§ **Task to carry out**
Copy out exactly, from the entries that follow, the line holding "رئيس جامعة قناة", the line holding "Used 2017 Toyota", and all lines between them, but no pictures.

§ **Records provided**
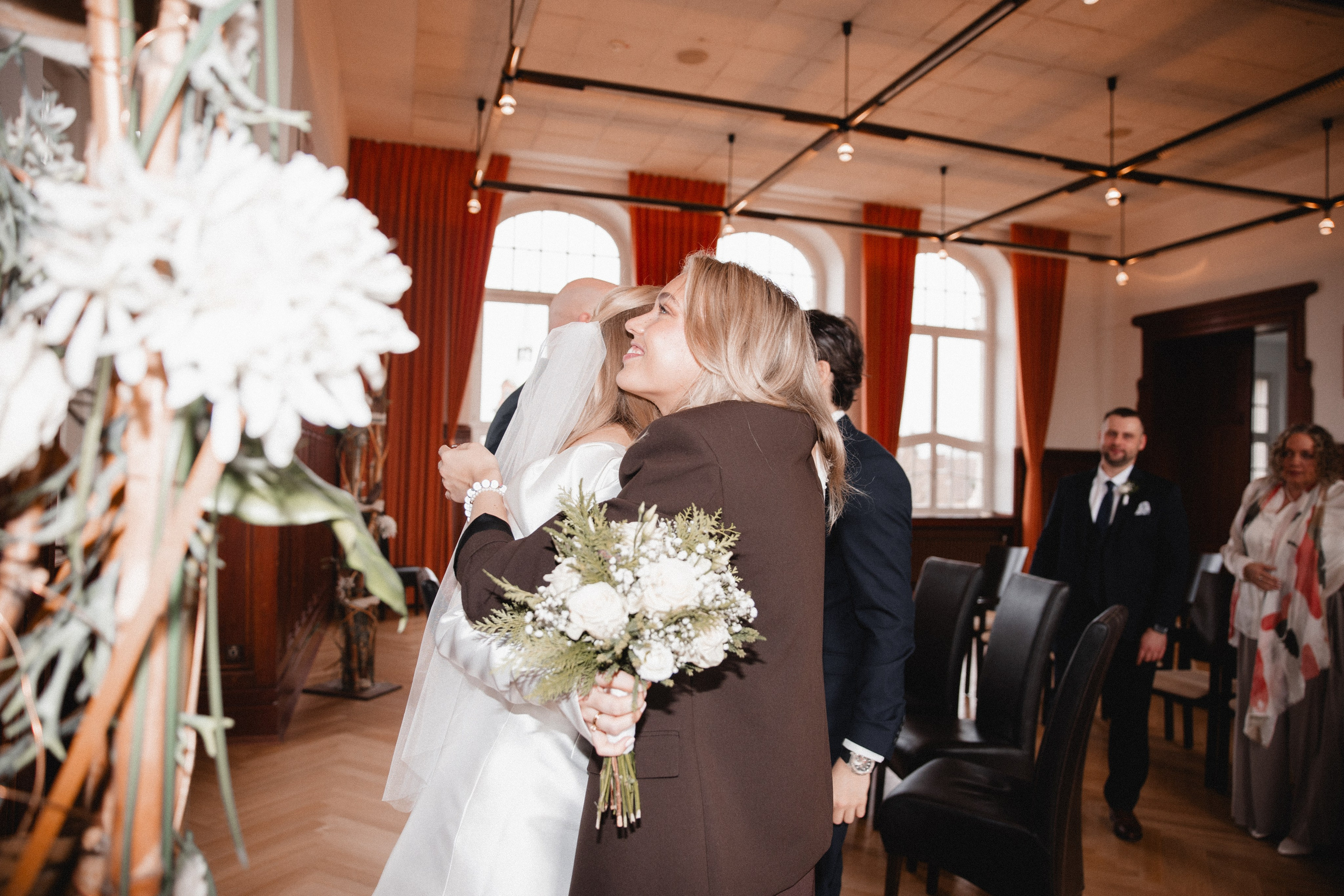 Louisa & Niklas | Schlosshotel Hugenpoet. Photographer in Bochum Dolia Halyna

...

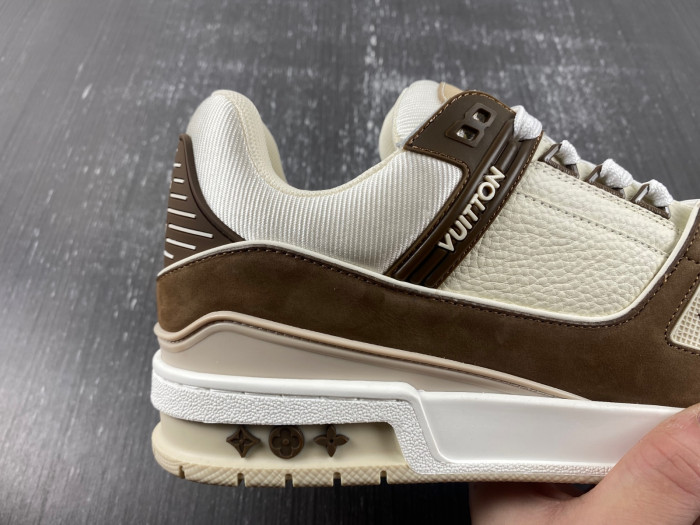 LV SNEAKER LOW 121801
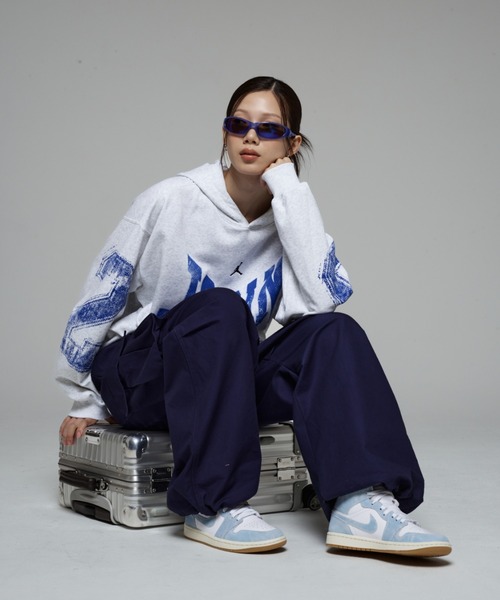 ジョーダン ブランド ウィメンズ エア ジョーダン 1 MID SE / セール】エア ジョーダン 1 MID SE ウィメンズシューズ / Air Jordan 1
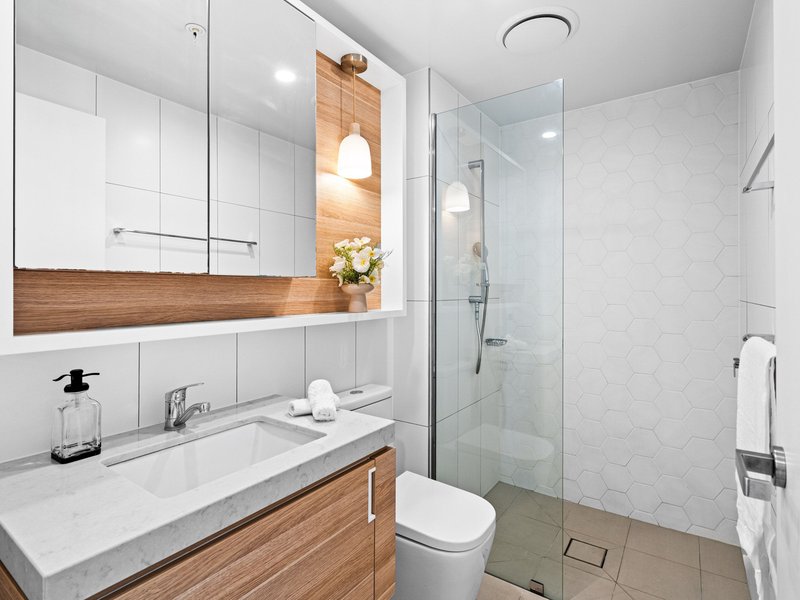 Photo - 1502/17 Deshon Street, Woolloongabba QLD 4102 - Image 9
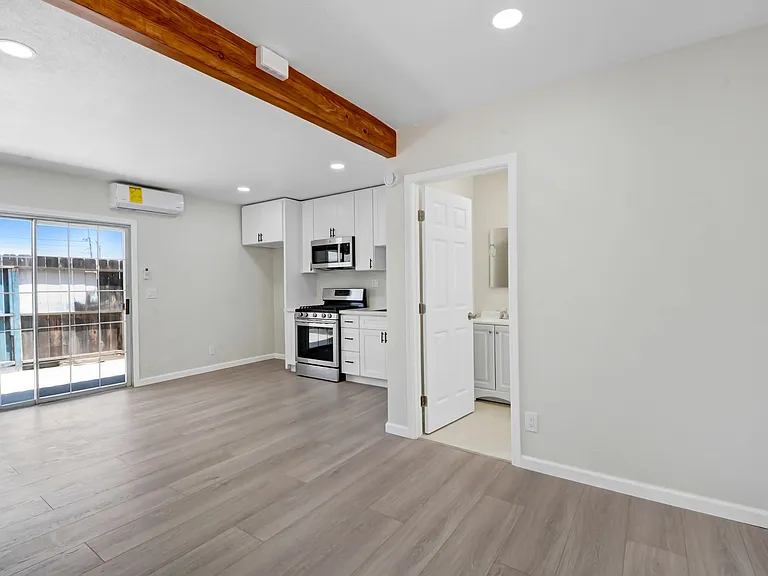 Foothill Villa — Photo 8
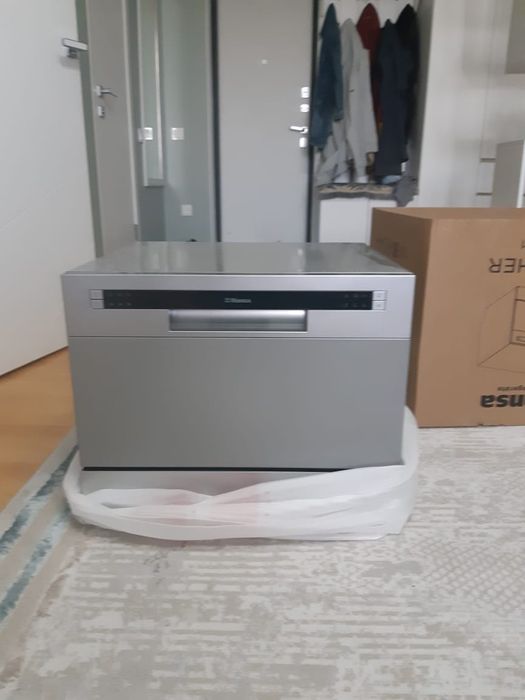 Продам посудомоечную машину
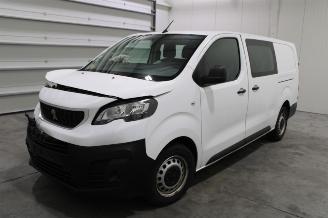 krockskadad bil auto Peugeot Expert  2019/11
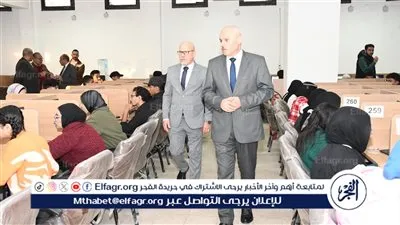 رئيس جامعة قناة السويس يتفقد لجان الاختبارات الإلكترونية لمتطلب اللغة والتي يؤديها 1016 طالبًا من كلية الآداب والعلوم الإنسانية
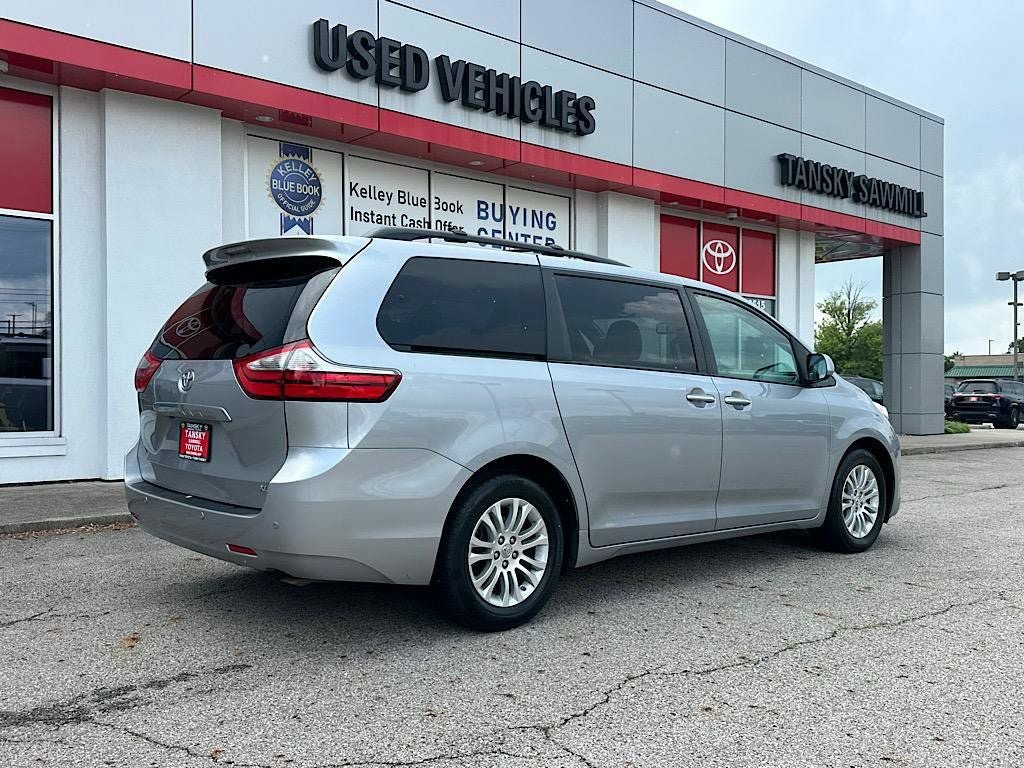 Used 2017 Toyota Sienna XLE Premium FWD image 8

§ **Answer area**
 رئيس جامعة قناة السويس يتفقد لجان الاختبارات الإلكترونية لمتطلب اللغة والتي يؤديها 1016 طالبًا من كلية الآداب والعلوم الإنسانية
 Used 2017 Toyota Sienna XLE Premium FWD image 8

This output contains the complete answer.